Sliwa's Mayor's Office of Operations will also be responsible for fixing NYC’s biggest operational failure: lack of follow-through. Too many complaints, service requests, and 911 dispatches fall through the cracks due to poor coordination, lack of oversight, and zero accountability. That ends under Curtis.

2. Fixing 311, 911, and Holding City Agencies Accountable

New Yorkers shouldn’t have to beg for basic services—or wait weeks for issues to be resolved. The 311 and 911 systems generally function, but the agencies they route complaints to often fail to act. A Sliwa administration will finally close the loop and make sure agencies deliver.

Curtis will:

  • Create a 311 Accountability Dashboard—updated weekly, showing average agency response times, open requests, and service performance by agency and borough.

  • Require real proof of complaint resolution—photos, timestamps, or signed field reports—before a 311 case can be closed.

  • Allow urgent complaints to be routed directly to field supervisors, bypassing slow central intake offices.

  • Fix 911 dispatch coordination across NYPD, FDNY, and EMS to eliminate misrouted calls and communication breakdowns.

  • Audit citywide response time delays and hold agency heads directly accountable for repeated failures or ignored complaints.

New Yorkers don’t want another app or slogan—they want a government that answers the phone, shows up, and gets it done.

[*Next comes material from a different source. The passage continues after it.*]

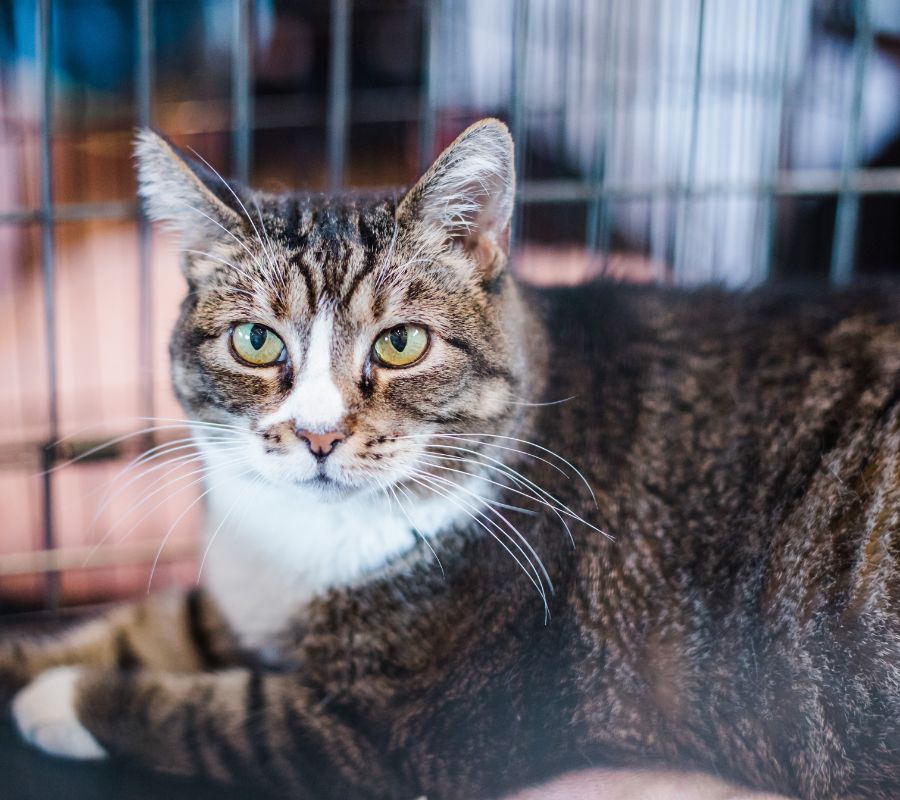 Cat in a Crate for Evacuation or Rescue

Curtis Sliwa will deliver results—not excuses.

3. Full-Scale Audit of All City Agencies

New York City’s budget is bloated, but services have deteriorated. Taxpayers deserve to know where their money is going—and why so many city systems are broken.

 

Curtis will:

  • Conduct a forensic audit of every city agency to eliminate waste, redundancy, and mismanagement.

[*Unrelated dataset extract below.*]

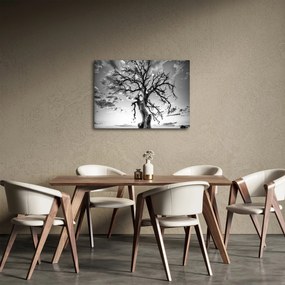 Obraz - Čiernobiely strom (70x50 cm)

  • Identify agencies that serve no real function and propose elimination or consolidation.

  • Require real-time public spending transparency—so New Yorkers can track how every dollar is spent, line by line.

  • Create a searchable online portal showing contracts, grants, and spending by agency, vendor, and council district.

4. Ending Pay-to-Play Corruption

City contracts and funding should go to those who serve the public—not donors, insiders, or politically connected nonprofits.

 

Curtis will:

  • Put in place strict vetting and limits on lobbyists and donors in city contracting to guarantee fairness and accountability.

  • Enforce strict anti-nepotism and conflict-of-interest laws to prevent friends and family from benefiting off city deals.

  • End the nonprofit racket by cutting off city funding to groups that fail to deliver results or exist solely for political gain.

  • Reform the Department of Investigation (DOI) to root out construction fraud, political nepotism, and cronyism in procurement and contracting.

  • Ensure DOI has the staffing, independence, and mandate to investigate not just low-level waste—but systemic corruption at the highest levels of city government.

5. Eliminating Bureaucratic Bloat & Refocusing Government on Core Services

NYC government has grown too big, too slow, and too distracted from what matters. Curtis will put it back on track.

Curtis will:

  • Eliminate unnecessary bureaucratic positions and shift funding back to core services like police, fire, EMS, sanitation, and infrastructure.

  • Reduce the number of deputy mayors, consultants, and high-salaried political appointees who produce no value for taxpayers.

  • Consolidate redundant agencies and focus government on what people actually need—clean streets, safe neighborhoods, and working services.

 

Conclusion: Restoring Integrity and Accountability to NYC Government

For too long, City Hall has been run by insiders and career bureaucrats who care more about politics than performance. Curtis Sliwa will change that. He’ll make government efficient, responsive, and focused on results. No more waste. No more excuses. No more corruption. Just a government that works—for you.